I know this kind of thing has been asked before but nothing I have tried has helped.
I've borrowed a function from github for a project but it's in matlab and my project is in python so I want to save the output data as a csv so I can input it back into python.
I've literally only been using matlab for about 4 hrs so this could be a stupid question...
I've tried an array of different methods for saving as a csv but none of them have worked. They don't throw errors though, the files just don't show up.
This is my latest attempt:
clear;clc;
fileName = 'AlzScSK.csv';
csvData = importdata(fileName);
rawData = csvData.data;
dataMV = rawData;
scaledMV = dataMV
K = 6;
function [dataImputed dataImputedWeighted] = NSkNNDataHM(dataMV)

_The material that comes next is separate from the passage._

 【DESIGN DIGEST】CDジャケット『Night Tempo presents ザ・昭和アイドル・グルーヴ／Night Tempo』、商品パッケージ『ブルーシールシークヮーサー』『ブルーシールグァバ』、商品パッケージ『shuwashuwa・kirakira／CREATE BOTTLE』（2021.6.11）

% Function to impute missing values in a dataset using NSkNN. scaledMV is
% the autoscale dataset with the missing values and K is the # of nearest
% neighbors to use to impute the data. filteredMV is the missing value
% dataset after filtering, but before autoscaling.

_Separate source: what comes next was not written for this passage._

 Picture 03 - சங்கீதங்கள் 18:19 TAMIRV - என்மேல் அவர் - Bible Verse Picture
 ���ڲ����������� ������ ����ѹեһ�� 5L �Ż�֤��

% NSkNNData_HM does not skip neighbors that have NaN values in the same
% location as the metabolite being imputed. Instead, it replaces these NaN
% values with the half minimum value of that metabolite.
numCol = size(scaledMV,2);
for col = 1:numCol
rowMV{col} = find(isnan(scaledMV(:,col))); % Finds the row # of every missing value in each column
end
counter = 1;
for targetCol = 1:numCol % i is the target sample
for neighborCol = 1:numCol % Calculate the Euclidean distances between the target sample (i) and the other samples (j)
MVRowsRemoved = scaledMV;
rowsToRemove = union(rowMV{targetCol},rowMV{neighborCol}); % Ignore NaNs when calculating distances
MVRowsRemoved(rowsToRemove,:) = []; % Remove rows in target sample that have missing values
numMetInCalc = size(MVRowsRemoved,1); % # of metabolites used in calculation of metabolites in order to weight distance
% Divide by numMetInCalc to avoid scenarios where distances
% calculated with only a few metabolites are weighted more heavily
% over distances that are close to the same distance, but used more
% metabolites in the calculation.
distance = pdist2(MVRowsRemoved(:,targetCol)',MVRowsRemoved(:,neighborCol)')/sqrt(numMetInCalc);
%distance = pdist2(MVRowsRemoved(:,targetCol)',MVRowsRemoved(:,neighborCol)');
distIdx(counter,:) = [targetCol distance neighborCol];
counter = counter+1;
end
end
% Remove rows that calculated the Euclidean distance between a sample and
% itself.
sameSample = find(distIdx(:,1)==distIdx(:,3));
distIdx(sameSample,:) = [];
distIdxSorted = sortrows(distIdx);
minValperRow = min(scaledMV,[],2); % Finds minimum of each metabolite
% Implement NSkNN with half minimum replacement
dataImputed = scaledMV;
dataImputedWeighted = scaledMV;
for targetCol = 1:numCol
numMV = size(rowMV{targetCol},1); % # of missing values in a column
firstNNIdx = (targetCol-1)*(numCol-1)+1; % Column index of the first nearest neighbor of target sample (i) in distIdxSorted
for MVidx = 1:numMV % For each missing value in the target sample...
tempDataMV = scaledMV;
NN = distIdxSorted(firstNNIdx:firstNNIdx+K-1,3); % Column #s of the k nearest neighbors
DistanceNN = distIdxSorted(firstNNIdx:firstNNIdx+K-1,2); % Distances of k nearest neighbors
idxNaNinCol = find(isnan(tempDataMV(rowMV{targetCol}(MVidx),NN))); % Finds missing values that are the same metabolite as the target metabolite to be imputed
if isempty(idxNaNinCol)~=1 % If NaN values found...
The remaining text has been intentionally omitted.